平山が担当した今回のプロジェクトは、社内から評価され、みずほフィナンシャルグループ各社の中でその年度に高い成果を出した案件が表彰されるみずほアウォードを受賞。グループCEOからも労いの言葉があった。本案件は海外のお客さまへのビジネスニーズに柔軟に対応する礎を築いたという点が評価された。

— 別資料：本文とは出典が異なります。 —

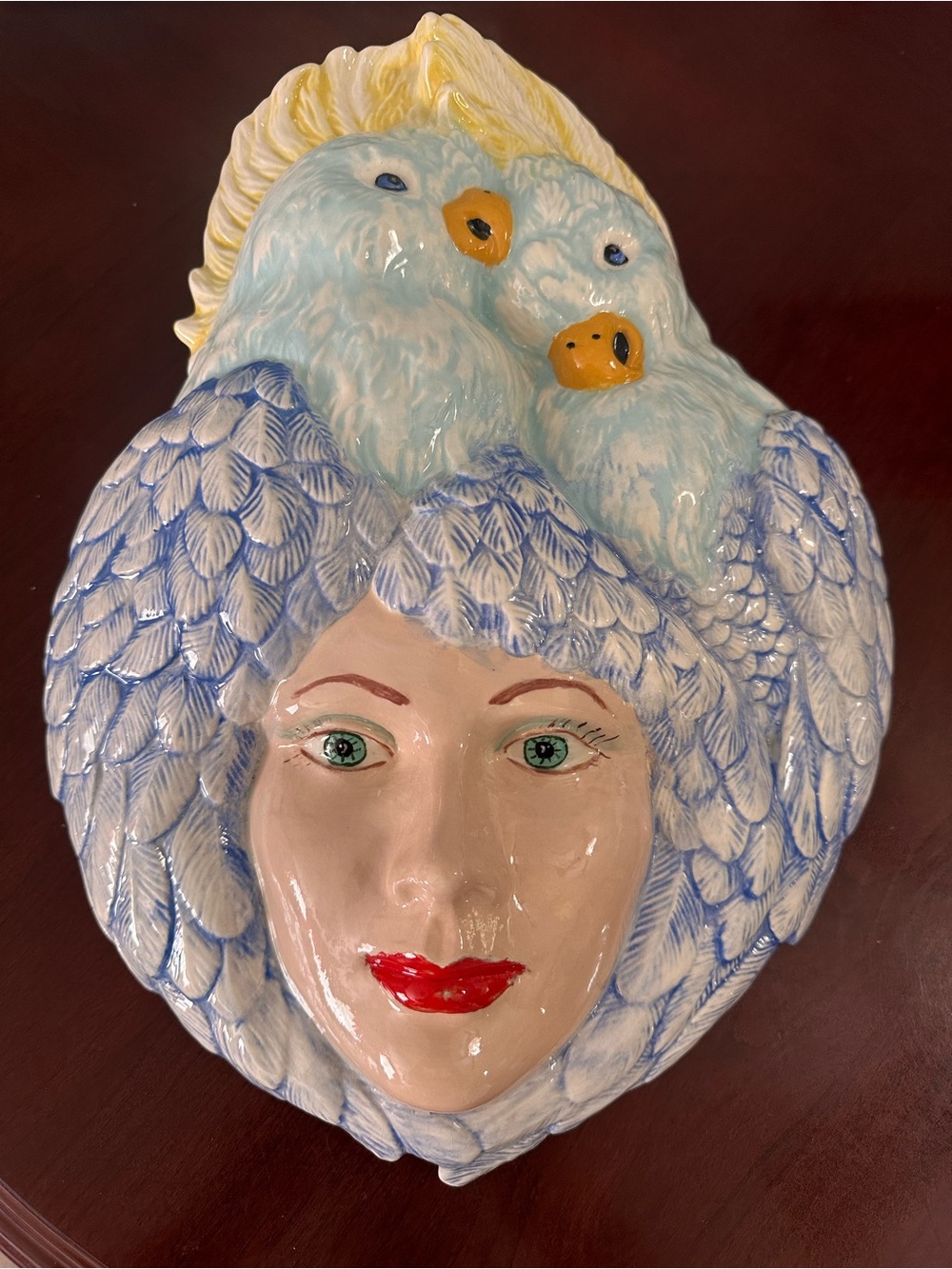Hand-Painted Ceramic Wall Mask with Blue Feathers and Yellow Birds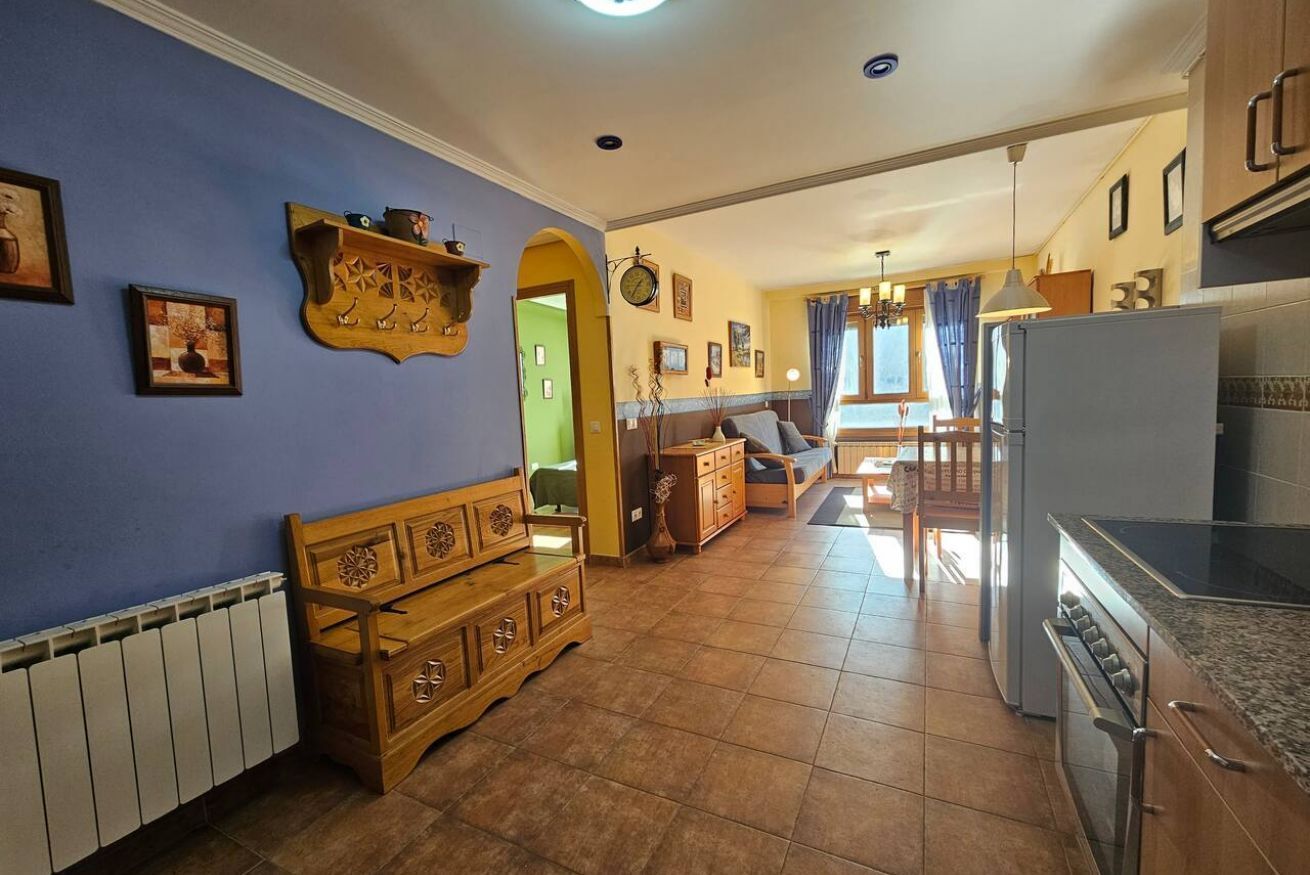 Un grand espace de vie comprenant un banc en bois, une table à manger et une cuisine équipée d’un réfrigérateur et d’un four.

今回のプロジェクトは平山にとってどのようなものだったのか。

平山 「これまで小規模のプロジェクトでリーダーを務めた経験はありましたが、これほど大規模なものは初めての経験でした。特に、様々なステークホルダーをコントロールするプロジェクトマネジメントスキルの向上が図れたと感じています。今後もこの経験をいかし、さらに難易度の高いプロジェクトや大規模なプロジェクトにチャレンジしていきたいと考えています」

平山が今回世界に先駆けてシンガポール拠点に導入した「MOBIUS」は、段階的に〈みずほ〉の海外拠点に導入されていく。「MOBIUS」のみならず、〈みずほ〉は、約40拠点に及ぶ〈みずほ〉の海外ビジネスを、システムの側面から力強く支えていく。